Nothing in the records may be left out or reworded; return them exactly.

(Records from a data source)
^^^^^^^^^^^^^^^^

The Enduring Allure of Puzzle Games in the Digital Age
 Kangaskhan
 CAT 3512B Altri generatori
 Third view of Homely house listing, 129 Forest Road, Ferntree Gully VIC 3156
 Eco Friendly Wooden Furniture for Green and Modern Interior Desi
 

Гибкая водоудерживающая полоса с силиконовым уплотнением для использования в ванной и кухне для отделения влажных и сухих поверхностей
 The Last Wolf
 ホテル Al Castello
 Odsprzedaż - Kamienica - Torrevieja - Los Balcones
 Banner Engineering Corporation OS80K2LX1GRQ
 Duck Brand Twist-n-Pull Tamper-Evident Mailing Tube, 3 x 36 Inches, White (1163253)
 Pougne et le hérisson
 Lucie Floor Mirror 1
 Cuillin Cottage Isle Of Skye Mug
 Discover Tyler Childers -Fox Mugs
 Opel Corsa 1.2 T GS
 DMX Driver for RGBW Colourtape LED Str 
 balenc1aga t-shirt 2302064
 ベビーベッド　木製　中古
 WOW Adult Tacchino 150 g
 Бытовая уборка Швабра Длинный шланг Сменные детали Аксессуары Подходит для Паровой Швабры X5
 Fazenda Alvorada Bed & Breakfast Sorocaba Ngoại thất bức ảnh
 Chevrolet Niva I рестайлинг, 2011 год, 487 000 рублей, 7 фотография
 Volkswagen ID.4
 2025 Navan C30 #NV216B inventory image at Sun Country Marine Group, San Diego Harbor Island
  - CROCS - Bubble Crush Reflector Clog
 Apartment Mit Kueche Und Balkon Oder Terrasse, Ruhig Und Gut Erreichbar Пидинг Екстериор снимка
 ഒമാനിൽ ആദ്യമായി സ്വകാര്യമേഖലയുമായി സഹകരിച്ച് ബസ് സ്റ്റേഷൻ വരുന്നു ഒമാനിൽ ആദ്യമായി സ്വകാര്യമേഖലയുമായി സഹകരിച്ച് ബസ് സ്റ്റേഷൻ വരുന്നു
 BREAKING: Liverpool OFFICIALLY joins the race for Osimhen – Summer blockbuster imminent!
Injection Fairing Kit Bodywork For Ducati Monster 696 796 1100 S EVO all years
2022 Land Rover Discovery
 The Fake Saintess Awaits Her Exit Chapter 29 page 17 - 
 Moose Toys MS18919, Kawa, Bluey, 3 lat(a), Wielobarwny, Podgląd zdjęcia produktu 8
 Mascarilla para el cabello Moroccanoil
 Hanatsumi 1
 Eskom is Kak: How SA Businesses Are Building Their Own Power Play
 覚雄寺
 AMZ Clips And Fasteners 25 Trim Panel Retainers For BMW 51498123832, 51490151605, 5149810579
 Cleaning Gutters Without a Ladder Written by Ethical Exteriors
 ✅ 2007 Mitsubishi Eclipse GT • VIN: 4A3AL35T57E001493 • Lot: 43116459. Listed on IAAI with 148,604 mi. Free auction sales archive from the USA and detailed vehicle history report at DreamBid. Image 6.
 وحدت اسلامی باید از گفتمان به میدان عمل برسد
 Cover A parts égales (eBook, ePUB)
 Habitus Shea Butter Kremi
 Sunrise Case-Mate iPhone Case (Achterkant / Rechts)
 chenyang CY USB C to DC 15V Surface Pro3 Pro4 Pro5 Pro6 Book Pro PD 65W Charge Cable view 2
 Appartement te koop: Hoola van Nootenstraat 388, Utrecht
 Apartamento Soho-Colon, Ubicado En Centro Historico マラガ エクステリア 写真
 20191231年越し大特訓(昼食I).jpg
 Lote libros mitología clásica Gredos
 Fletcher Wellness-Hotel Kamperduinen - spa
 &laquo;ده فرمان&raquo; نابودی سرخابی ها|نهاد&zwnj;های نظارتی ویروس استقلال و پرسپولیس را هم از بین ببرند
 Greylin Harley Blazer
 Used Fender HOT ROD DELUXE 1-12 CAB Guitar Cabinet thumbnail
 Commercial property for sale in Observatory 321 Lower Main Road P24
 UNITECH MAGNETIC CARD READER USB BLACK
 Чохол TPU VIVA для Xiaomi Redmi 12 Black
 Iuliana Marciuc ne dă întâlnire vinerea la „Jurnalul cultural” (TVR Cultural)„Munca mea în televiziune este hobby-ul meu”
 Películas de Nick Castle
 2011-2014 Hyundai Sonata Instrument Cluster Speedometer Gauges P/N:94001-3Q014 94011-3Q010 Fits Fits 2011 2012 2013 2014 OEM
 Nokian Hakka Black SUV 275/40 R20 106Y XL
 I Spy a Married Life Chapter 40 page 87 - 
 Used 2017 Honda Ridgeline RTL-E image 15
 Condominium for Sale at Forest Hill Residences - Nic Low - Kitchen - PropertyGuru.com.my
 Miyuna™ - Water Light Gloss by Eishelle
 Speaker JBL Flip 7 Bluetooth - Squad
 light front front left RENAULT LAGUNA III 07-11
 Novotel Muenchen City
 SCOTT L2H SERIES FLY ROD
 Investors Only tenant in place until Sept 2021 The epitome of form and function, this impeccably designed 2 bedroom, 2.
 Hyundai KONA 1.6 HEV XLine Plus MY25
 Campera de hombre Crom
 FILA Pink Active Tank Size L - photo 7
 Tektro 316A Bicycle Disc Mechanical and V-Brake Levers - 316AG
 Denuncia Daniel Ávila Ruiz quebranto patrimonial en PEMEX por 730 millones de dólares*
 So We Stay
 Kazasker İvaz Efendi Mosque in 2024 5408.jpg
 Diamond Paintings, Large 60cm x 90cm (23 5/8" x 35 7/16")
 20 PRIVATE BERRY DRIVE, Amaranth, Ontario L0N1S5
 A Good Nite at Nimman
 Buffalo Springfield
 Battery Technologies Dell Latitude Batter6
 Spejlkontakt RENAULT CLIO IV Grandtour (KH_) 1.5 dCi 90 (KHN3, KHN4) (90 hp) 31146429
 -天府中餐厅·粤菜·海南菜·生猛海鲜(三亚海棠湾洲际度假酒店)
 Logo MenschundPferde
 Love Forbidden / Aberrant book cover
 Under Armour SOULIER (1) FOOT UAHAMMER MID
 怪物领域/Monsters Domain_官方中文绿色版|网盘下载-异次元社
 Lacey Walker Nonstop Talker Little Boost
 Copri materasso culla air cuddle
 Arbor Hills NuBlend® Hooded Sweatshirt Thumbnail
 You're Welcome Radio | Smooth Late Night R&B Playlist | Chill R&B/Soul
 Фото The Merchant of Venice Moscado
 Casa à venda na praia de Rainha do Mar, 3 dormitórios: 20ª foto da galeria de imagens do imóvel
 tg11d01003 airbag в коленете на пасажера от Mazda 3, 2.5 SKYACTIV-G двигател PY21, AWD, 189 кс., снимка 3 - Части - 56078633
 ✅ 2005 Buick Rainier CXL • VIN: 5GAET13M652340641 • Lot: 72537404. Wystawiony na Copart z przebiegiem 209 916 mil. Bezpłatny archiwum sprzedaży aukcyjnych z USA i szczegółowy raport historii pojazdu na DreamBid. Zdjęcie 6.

^^^^^^^^^^^^^^^^

Expected answer:
The Enduring Allure of Puzzle Games in the Digital Age
 Kangaskhan
 CAT 3512B Altri generatori
 Third view of Homely house listing, 129 Forest Road, Ferntree Gully VIC 3156
 Eco Friendly Wooden Furniture for Green and Modern Interior Desi
 

Гибкая водоудерживающая полоса с силиконовым уплотнением для использования в ванной и кухне для отделения влажных и сухих поверхностей
 The Last Wolf
 ホテル Al Castello
 Odsprzedaż - Kamienica - Torrevieja - Los Balcones
 Banner Engineering Corporation OS80K2LX1GRQ
 Duck Brand Twist-n-Pull Tamper-Evident Mailing Tube, 3 x 36 Inches, White (1163253)
 Pougne et le hérisson
 Lucie Floor Mirror 1
 Cuillin Cottage Isle Of Skye Mug
 Discover Tyler Childers -Fox Mugs
 Opel Corsa 1.2 T GS
 DMX Driver for RGBW Colourtape LED Str 
 balenc1aga t-shirt 2302064
 ベビーベッド　木製　中古
 WOW Adult Tacchino 150 g
 Бытовая уборка Швабра Длинный шланг Сменные детали Аксессуары Подходит для Паровой Швабры X5
 Fazenda Alvorada Bed & Breakfast Sorocaba Ngoại thất bức ảnh
 Chevrolet Niva I рестайлинг, 2011 год, 487 000 рублей, 7 фотография
 Volkswagen ID.4
 2025 Navan C30 #NV216B inventory image at Sun Country Marine Group, San Diego Harbor Island
  - CROCS - Bubble Crush Reflector Clog
 Apartment Mit Kueche Und Balkon Oder Terrasse, Ruhig Und Gut Erreichbar Пидинг Екстериор снимка
 ഒമാനിൽ ആദ്യമായി സ്വകാര്യമേഖലയുമായി സഹകരിച്ച് ബസ് സ്റ്റേഷൻ വരുന്നു ഒമാനിൽ ആദ്യമായി സ്വകാര്യമേഖലയുമായി സഹകരിച്ച് ബസ് സ്റ്റേഷൻ വരുന്നു
 BREAKING: Liverpool OFFICIALLY joins the race for Osimhen – Summer blockbuster imminent!
Injection Fairing Kit Bodywork For Ducati Monster 696 796 1100 S EVO all years
2022 Land Rover Discovery
 The Fake Saintess Awaits Her Exit Chapter 29 page 17 - 
 Moose Toys MS18919, Kawa, Bluey, 3 lat(a), Wielobarwny, Podgląd zdjęcia produktu 8
 Mascarilla para el cabello Moroccanoil
 Hanatsumi 1
 Eskom is Kak: How SA Businesses Are Building Their Own Power Play
 覚雄寺
 AMZ Clips And Fasteners 25 Trim Panel Retainers For BMW 51498123832, 51490151605, 5149810579
 Cleaning Gutters Without a Ladder Written by Ethical Exteriors
 ✅ 2007 Mitsubishi Eclipse GT • VIN: 4A3AL35T57E001493 • Lot: 43116459. Listed on IAAI with 148,604 mi. Free auction sales archive from the USA and detailed vehicle history report at DreamBid. Image 6.
 وحدت اسلامی باید از گفتمان به میدان عمل برسد
 Cover A parts égales (eBook, ePUB)
 Habitus Shea Butter Kremi
 Sunrise Case-Mate iPhone Case (Achterkant / Rechts)
 chenyang CY USB C to DC 15V Surface Pro3 Pro4 Pro5 Pro6 Book Pro PD 65W Charge Cable view 2
 Appartement te koop: Hoola van Nootenstraat 388, Utrecht
 Apartamento Soho-Colon, Ubicado En Centro Historico マラガ エクステリア 写真
 20191231年越し大特訓(昼食I).jpg
 Lote libros mitología clásica Gredos
 Fletcher Wellness-Hotel Kamperduinen - spa
 &laquo;ده فرمان&raquo; نابودی سرخابی ها|نهاد&zwnj;های نظارتی ویروس استقلال و پرسپولیس را هم از بین ببرند
 Greylin Harley Blazer
 Used Fender HOT ROD DELUXE 1-12 CAB Guitar Cabinet thumbnail
 Commercial property for sale in Observatory 321 Lower Main Road P24
 UNITECH MAGNETIC CARD READER USB BLACK
 Чохол TPU VIVA для Xiaomi Redmi 12 Black
 Iuliana Marciuc ne dă întâlnire vinerea la „Jurnalul cultural” (TVR Cultural)„Munca mea în televiziune este hobby-ul meu”
 Películas de Nick Castle
 2011-2014 Hyundai Sonata Instrument Cluster Speedometer Gauges P/N:94001-3Q014 94011-3Q010 Fits Fits 2011 2012 2013 2014 OEM
 Nokian Hakka Black SUV 275/40 R20 106Y XL
 I Spy a Married Life Chapter 40 page 87 - 
 Used 2017 Honda Ridgeline RTL-E image 15
 Condominium for Sale at Forest Hill Residences - Nic Low - Kitchen - PropertyGuru.com.my
 Miyuna™ - Water Light Gloss by Eishelle
 Speaker JBL Flip 7 Bluetooth - Squad
 light front front left RENAULT LAGUNA III 07-11
 Novotel Muenchen City
 SCOTT L2H SERIES FLY ROD
 Investors Only tenant in place until Sept 2021 The epitome of form and function, this impeccably designed 2 bedroom, 2.
 Hyundai KONA 1.6 HEV XLine Plus MY25
 Campera de hombre Crom
 FILA Pink Active Tank Size L - photo 7
 Tektro 316A Bicycle Disc Mechanical and V-Brake Levers - 316AG
 Denuncia Daniel Ávila Ruiz quebranto patrimonial en PEMEX por 730 millones de dólares*
 So We Stay
 Kazasker İvaz Efendi Mosque in 2024 5408.jpg
 Diamond Paintings, Large 60cm x 90cm (23 5/8" x 35 7/16")
 20 PRIVATE BERRY DRIVE, Amaranth, Ontario L0N1S5
 A Good Nite at Nimman
 Buffalo Springfield
 Battery Technologies Dell Latitude Batter6
 Spejlkontakt RENAULT CLIO IV Grandtour (KH_) 1.5 dCi 90 (KHN3, KHN4) (90 hp) 31146429
 -天府中餐厅·粤菜·海南菜·生猛海鲜(三亚海棠湾洲际度假酒店)
 Logo MenschundPferde
 Love Forbidden / Aberrant book cover
 Under Armour SOULIER (1) FOOT UAHAMMER MID
 怪物领域/Monsters Domain_官方中文绿色版|网盘下载-异次元社
 Lacey Walker Nonstop Talker Little Boost
 Copri materasso culla air cuddle
 Arbor Hills NuBlend® Hooded Sweatshirt Thumbnail
 You're Welcome Radio | Smooth Late Night R&B Playlist | Chill R&B/Soul
 Фото The Merchant of Venice Moscado
 Casa à venda na praia de Rainha do Mar, 3 dormitórios: 20ª foto da galeria de imagens do imóvel
 tg11d01003 airbag в коленете на пасажера от Mazda 3, 2.5 SKYACTIV-G двигател PY21, AWD, 189 кс., снимка 3 - Части - 56078633
 ✅ 2005 Buick Rainier CXL • VIN: 5GAET13M652340641 • Lot: 72537404. Wystawiony na Copart z przebiegiem 209 916 mil. Bezpłatny archiwum sprzedaży aukcyjnych z USA i szczegółowy raport historii pojazdu na DreamBid. Zdjęcie 6.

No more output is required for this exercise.